This code is a PyTorch implementation of a character-level LSTM for truecasing. The original code is based on Torch7 char-rnn-truecase, which is in turn based on char-rnn.
- PyTorch version >= 1.1.0
- Python version >= 3.5
Below example shows training and truecasing on the Wikipedia data set.
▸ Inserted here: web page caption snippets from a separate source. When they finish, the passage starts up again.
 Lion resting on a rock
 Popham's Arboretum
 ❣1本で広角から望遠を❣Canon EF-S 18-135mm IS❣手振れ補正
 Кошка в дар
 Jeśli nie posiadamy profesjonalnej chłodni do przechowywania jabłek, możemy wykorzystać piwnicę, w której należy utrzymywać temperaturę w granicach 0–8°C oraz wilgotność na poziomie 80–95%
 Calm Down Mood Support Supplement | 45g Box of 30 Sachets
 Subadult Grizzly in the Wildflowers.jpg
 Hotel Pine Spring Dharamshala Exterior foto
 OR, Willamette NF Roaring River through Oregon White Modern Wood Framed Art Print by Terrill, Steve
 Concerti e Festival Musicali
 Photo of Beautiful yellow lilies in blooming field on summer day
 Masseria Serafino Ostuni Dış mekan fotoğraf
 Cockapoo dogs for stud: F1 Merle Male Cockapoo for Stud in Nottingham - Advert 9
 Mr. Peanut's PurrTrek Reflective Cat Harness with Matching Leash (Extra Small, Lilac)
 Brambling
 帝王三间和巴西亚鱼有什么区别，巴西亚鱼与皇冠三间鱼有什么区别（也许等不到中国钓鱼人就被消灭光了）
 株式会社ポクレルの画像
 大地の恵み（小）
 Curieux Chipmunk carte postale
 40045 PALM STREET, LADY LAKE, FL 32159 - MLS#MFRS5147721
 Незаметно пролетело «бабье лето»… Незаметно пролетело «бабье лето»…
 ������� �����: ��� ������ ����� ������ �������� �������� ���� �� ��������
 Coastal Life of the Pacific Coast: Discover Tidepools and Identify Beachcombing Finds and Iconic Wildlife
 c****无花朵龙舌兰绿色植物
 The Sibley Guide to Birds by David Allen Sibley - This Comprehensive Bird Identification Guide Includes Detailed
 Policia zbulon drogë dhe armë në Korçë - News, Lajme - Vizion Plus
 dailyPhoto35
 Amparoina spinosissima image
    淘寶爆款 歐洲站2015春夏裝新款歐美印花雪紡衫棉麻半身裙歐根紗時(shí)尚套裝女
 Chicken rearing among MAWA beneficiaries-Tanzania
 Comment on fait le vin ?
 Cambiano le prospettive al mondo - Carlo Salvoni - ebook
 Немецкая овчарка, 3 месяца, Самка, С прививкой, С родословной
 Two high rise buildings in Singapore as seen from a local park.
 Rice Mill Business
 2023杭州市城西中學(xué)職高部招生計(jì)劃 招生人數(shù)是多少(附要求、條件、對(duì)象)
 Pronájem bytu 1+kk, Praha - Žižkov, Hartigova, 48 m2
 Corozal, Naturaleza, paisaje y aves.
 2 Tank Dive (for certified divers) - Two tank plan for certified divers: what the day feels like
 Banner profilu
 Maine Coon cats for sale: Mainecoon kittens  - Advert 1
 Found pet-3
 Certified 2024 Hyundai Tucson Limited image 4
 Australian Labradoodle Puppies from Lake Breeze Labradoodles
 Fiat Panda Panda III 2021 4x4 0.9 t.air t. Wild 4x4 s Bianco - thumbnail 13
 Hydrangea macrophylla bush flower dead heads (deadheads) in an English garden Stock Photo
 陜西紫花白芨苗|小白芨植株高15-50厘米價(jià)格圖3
Refer to train.sh
and test.sh
for running the experiments in the paper (only LSTM is supported).
python train.py \
-data_dir data/wiki \
-rnn_size 700 \
-num_layers 3 \
-dropout 0.25 \
-batch_size 100 \
-seq_length 50 \
-max_epochs 30 \
-learning_rate 0.001 \
-checkpoint_dir cv/wiki_lstm_700hidden_3layer \
-gpuid 0
# retrieve best checkpoint on valid data
model=`ls cv/wiki_lstm_700hidden_3layer/*.pt | python best_model.py`
cat data/wiki/test.lower.txt \
| python truecase.py \
$model \
-beamsize 10 \
-verbose 0 \
-gpuid 0 \
> data/wiki/output.txt
# calculate performance on test set
python word_eval.py data/wiki/test.txt cv/wiki_lstm_700hidden_3layer/output.txt
On my machine, this gives the following scores:
Accuracy: 97.55
Precision: 94.23
Recall: 92.78
F1: 93.50
@inproceedings{susanto-etal-2016-learning,
title = "Learning to Capitalize with Character-Level Recurrent Neural Networks: An Empirical Study",
author = "Susanto, Raymond Hendy and Chieu, Hai Leong and Lu, Wei",
booktitle = "Proceedings of the 2016 Conference on Empirical Methods in Natural Language Processing",
year = "2016",
}